Moving to regulation based on industry standards would actually help in this regard, because national and international standards don’t change from city to city.

A federal regulation that requires conformance to standards would help address this issue. A federal regulation that prevents states from acting but does not itself ensure safety would be worse than nothing.

Myth #7: We conform to the “spirit” of ISO 26262, etc.

AV developers typically justify their “in the spirit of” statements by advancing the theory that there might be a need for deviation from the standard (beyond any deviations that the standards already permit). The statements never specify what the possibly required deviations might be, and I’ve never heard a concrete example at any of the many standards meetings I have attended. (I’m on the U.S. voting committees for all the standards listed in this essay.)
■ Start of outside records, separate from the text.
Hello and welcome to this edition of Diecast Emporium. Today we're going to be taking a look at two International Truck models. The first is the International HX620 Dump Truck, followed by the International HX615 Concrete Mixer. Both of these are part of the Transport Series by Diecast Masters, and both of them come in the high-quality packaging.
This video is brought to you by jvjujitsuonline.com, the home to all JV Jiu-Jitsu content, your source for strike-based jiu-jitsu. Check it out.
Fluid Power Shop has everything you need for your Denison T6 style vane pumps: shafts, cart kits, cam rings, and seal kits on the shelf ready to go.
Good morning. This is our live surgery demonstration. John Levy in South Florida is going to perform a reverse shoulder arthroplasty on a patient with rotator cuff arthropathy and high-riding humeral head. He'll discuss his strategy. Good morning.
I’ve never heard an AV company argue, when making its case, that it conforms to the intent of a standard, just to the spirit of the standard — whatever that means. Indeed, any “in the spirit” statement is meaningless, because the standards I’ve mentioned are all flexible enough that if you actually conform to the spirit and intent of the standard, you can conform to the standard. The standards explicitly permit not doing things that don’t apply and deviating from inapplicable clauses with appropriate decision processes. Doing that still permits conformance to the actual standard.
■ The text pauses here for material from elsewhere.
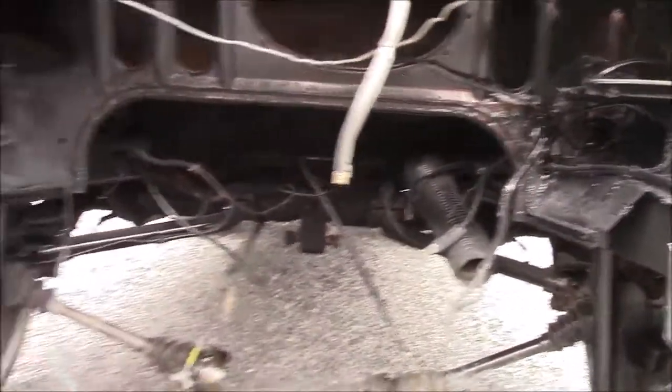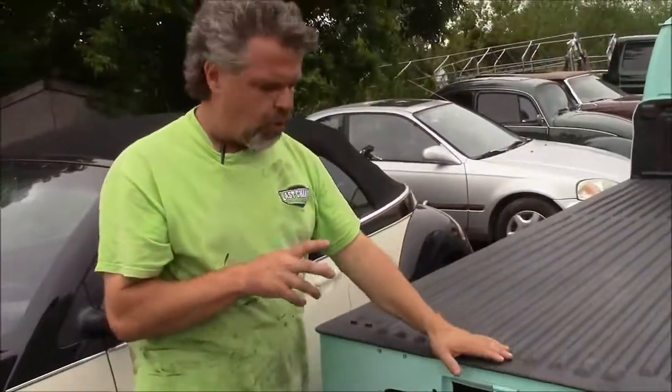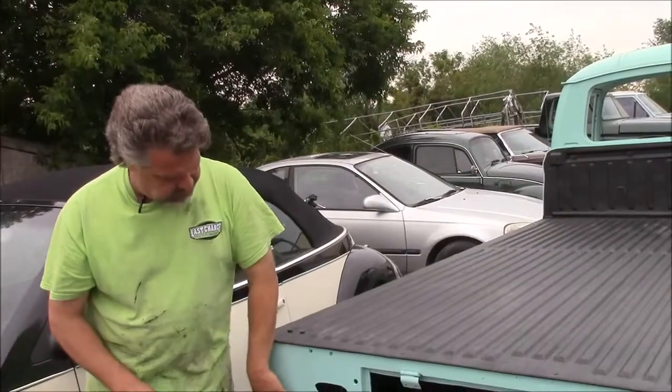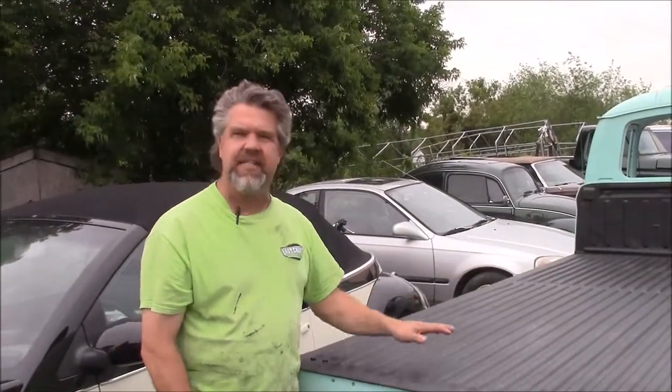The next step for us will be to prep the inside of this engine bay, mask everything, and apply the grey high-build primer, because we're going to be painting the whole inside engine bay area in this finish custom green. So just a brief update — this is the 1970 Volkswagen single cab truck. Thank you for watching. I'm John from LastChanceAutoRestore.com.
I worry that AV companies’ “spirit” claims are really code for cutting corners on safety when they think it is economically attractive to do so, or they’re in a hurry, or both.

A reasonable alternative explanation is simply that lawyers might want to avoid committing to something if nobody is forcing them to do so. That is understandable from their point of view, but it impairs transparency. The dark side of the strategy is that it provides cover for companies that are not the best actors to hide cutting corners. If companies are worried that they’ll be called out for not following a standard after a crash, they should spend the resources to actually follow the standard. Or they should not spend so much effort making public claims about safety being their top priority.

Companies that are truly doing their best on safety should be transparent about conforming to consensus standards to raise the bar for others.

Consider whether you would ride in an airplane whose manufacturer said, “We conform to the spirit of the aviation safety standards, but we’re very smart and our airplane is very special so we skipped some steps. It will be fine. This aircraft type hasn’t killed anyone yet, so trust us.”

Now ask yourself if you’d want to share the road with a test AV whose developer has said it wants the flexibility of not conforming to the industry standards for road testing that the developer itself helped write.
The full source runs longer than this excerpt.